Testing is as key a part of agriculture as it is a part of developing new software. The best programmers work hard to strain their code past the breaking point in order to learn where its weak points are and to make it more robust. We know farmers are out there, season after season, doing the same thing, driving hard toward better yields, fewer inputs, and better understanding of their fields through experimentation.
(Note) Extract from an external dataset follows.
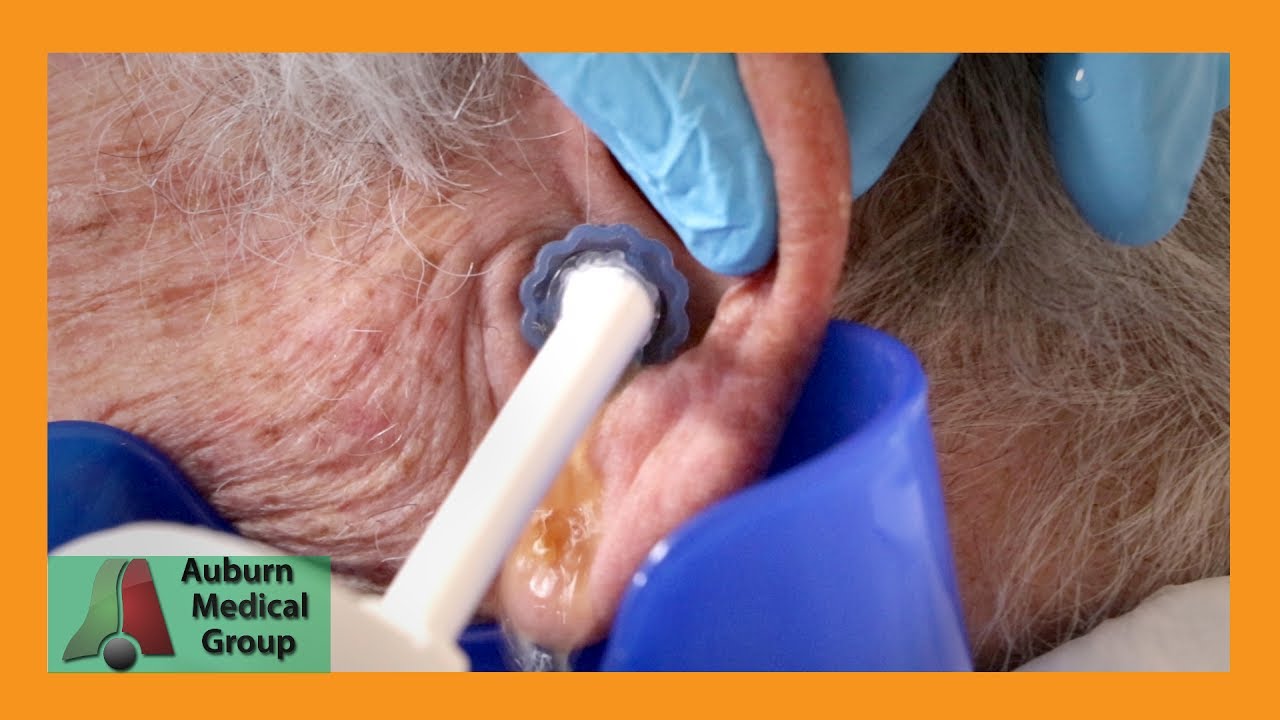 Chuck's Tough Ear Wax Removal Part 2 | Auburn Medical Group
I’m extremely happy that we’ll be advancing into the commercial phase the technology to handle not only Automated Experiment Design, but the ability to analyze and draw conclusions from those experiments. For the first time, FieldView will be enabling farmers to manage the complex workflows associated with planning and executing on-farm trials.

Transparency is part of seeing clearly, and conducting operations transparently is the new paradigm in agriculture. Farmers running their own experiments, in their fields, with their management practices, using their equipment represents an evolution in a farmer’s ability to control their operation to determine the value of using a new hybrid, spraying a fungicide, or changing the density of the plants that go into their fields.

Toward the next horizon!

Farmers are a resilient bunch - you have to be resilient, flexible, adaptable, and smart to do this job. It’s important for Climate to enable that resilience by building products that put the right product on the right acre, at the right density, with the right management practices for a farmer’s field, while encouraging testing out new approaches.


About the Author

Sam leads the Science organization at Climate LLC, focusing on research and development in data science, measurement and field research. He brings more than two decades of experience in plant breeding and global agricultural development, contributing to nearly 60 publications and patents related to agricultural technology. Sam holds a B.S., M.S. and Ph.D. in genetics and plant breeding from the University of Illinois at Champaign-Urbana.